My roommate Tim Ward and I have had a little trouble getting accustomed to the small time change. We wake up 2 hours before breakfast every morning hungry and with nothing to do but lay in bed.
I think I’ve got it a little worse than Tim does simply because never in my life have I seen someone more active in their sleep. Tim has managed to scream random phrases on three different occasions throw his sheets around like rag dolls and stand up in bed all while in a deep sleep. I was pretty terrified at first because he seems to think he possesses some sort of superpowers in his sleep, but when he wakes up he unfortunately has to come back to reality.
The locker room is of course full of the same excitement. Soccer-tennis is the main attraction. It’s a makeshift court made of athletic tape and two chairs but it does the job and it can get quite passionate at times. Hunter and Quentin are the former champions, but they were eventually brought down by the superstars Danny Szetela and me. That team held an unbelievable 10-0 record before falling to the team from the O.C. – Sasha Kljestan and Benny Feilhaber. Deciding the real champion is always under constant dispute, but I’m sure we will eventually get it solved. The team from the O.C seems to think that Orange County is God’s gift to earth because of the popular show. However, after a little rational discussion they calm down and stop talking about what they have dubbed the best place in the universe.

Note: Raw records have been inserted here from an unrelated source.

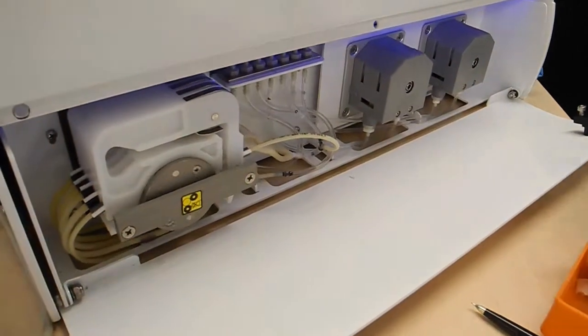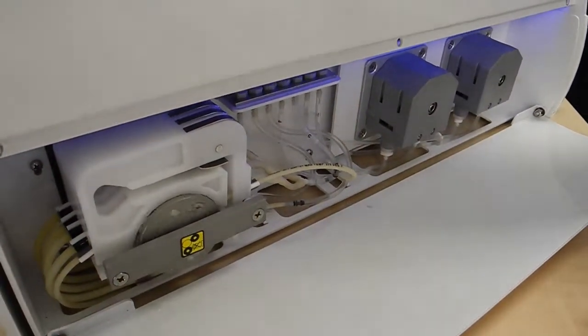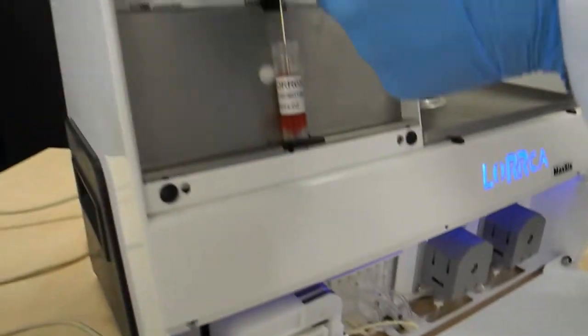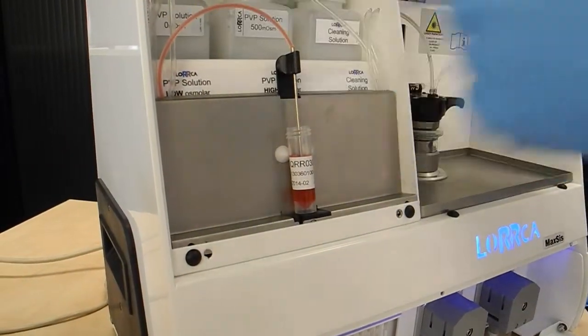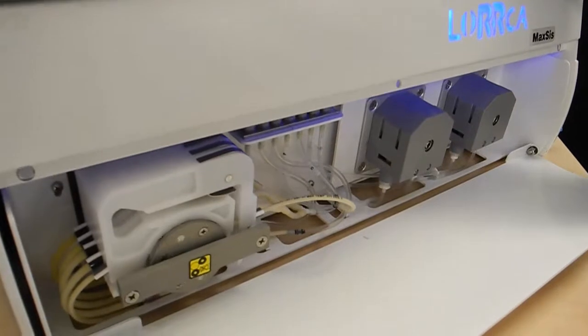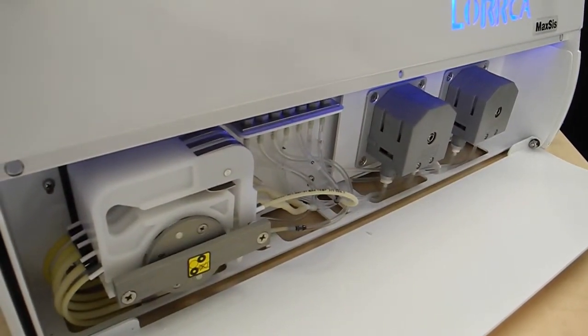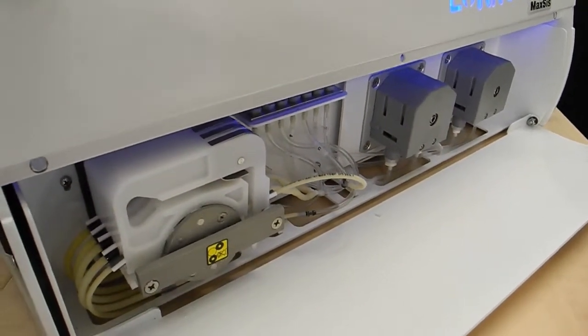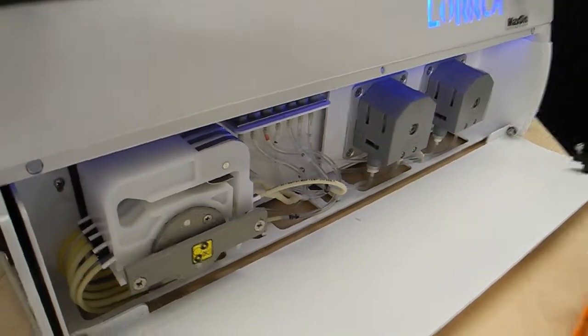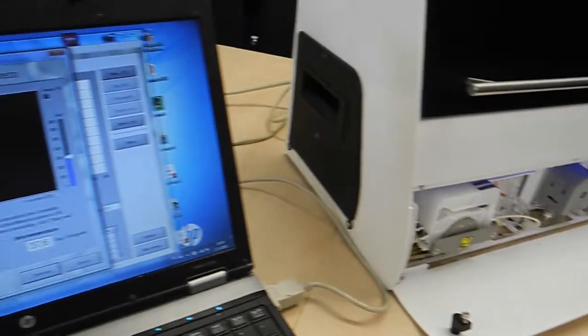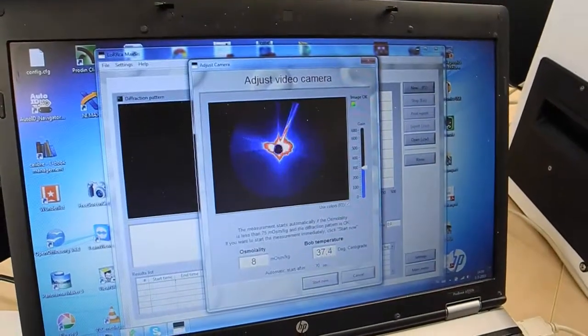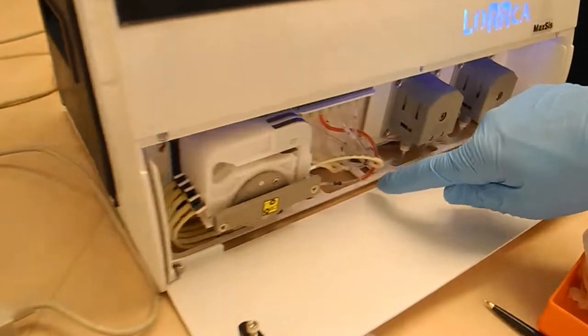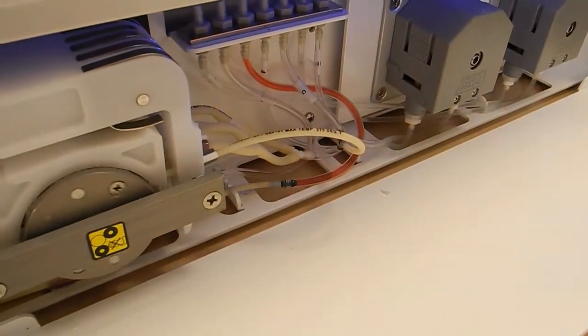Here you see the sample moving. Take a look at the screen where there's no good image yet, and there you see the sample approaching.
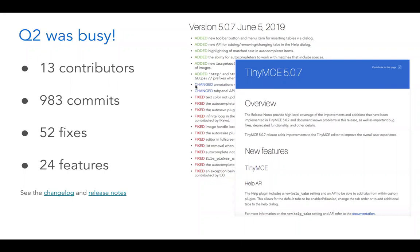That resulted in 52 bug fixes and over 24 new features. You can refer to the changelog and release notes — the team has done a very good job of keeping those up to date.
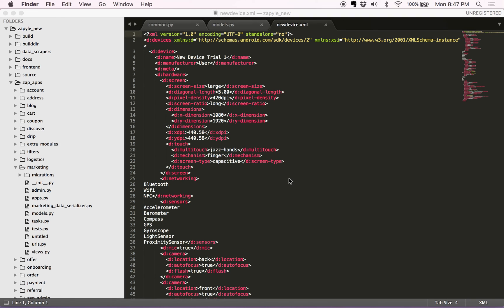The idea is to programmatically create new AVDs by simply injecting these XML files into your Android Studio. Simple as that.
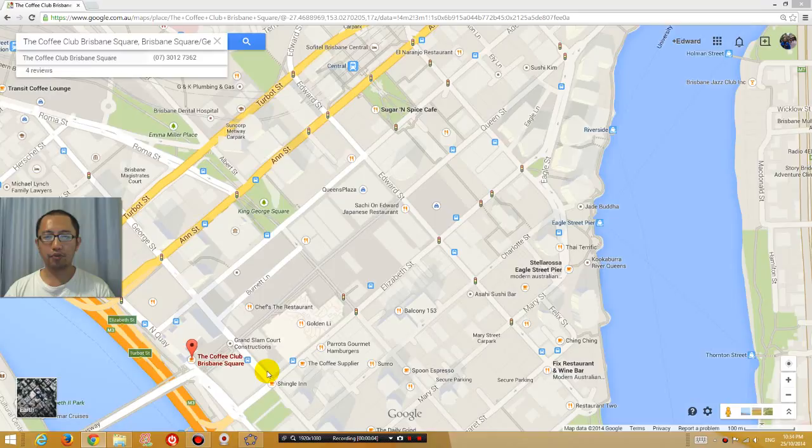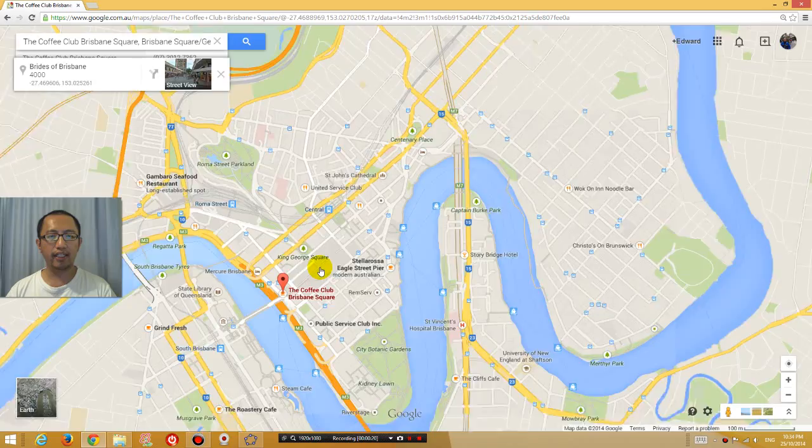Hey guys, this is Eddie the Magic Monk doing a quick tutorial on how to link to a specific location on Google Maps using a short URL. So as you can see right now, I'm looking at a map of Brisbane City.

Usually, while we play we’ve got music blasting in the background. The locker room is actually just a chance for Freddy to DJ for a crowd. I enjoy most of the music he plays but it turns out a few of the guys don’t like his selection of rap or rap. Nevertheless, no one has really stepped up to put on some different music aside from Eddie Gaven. His small stint as DJ was short lived as his unbelievably hardcore rock disappointed the listeners.
Practical jokes are a constant occurrence here but the perpetrators always have a motive behind them. Upset about disputes over the real soccer-tennis champions, Benny and Sasha placed a live snail in my sock hoping that it would freak me out. Fortunately for me it just felt like a rock and I just shook it out of my sock. This didn’t stop the whole locker room from screaming and laughing and running around like children. I’m not worried though, practical jokes were a normal thing at college and I’m sure I’ll have no problem conjuring up a reply attack.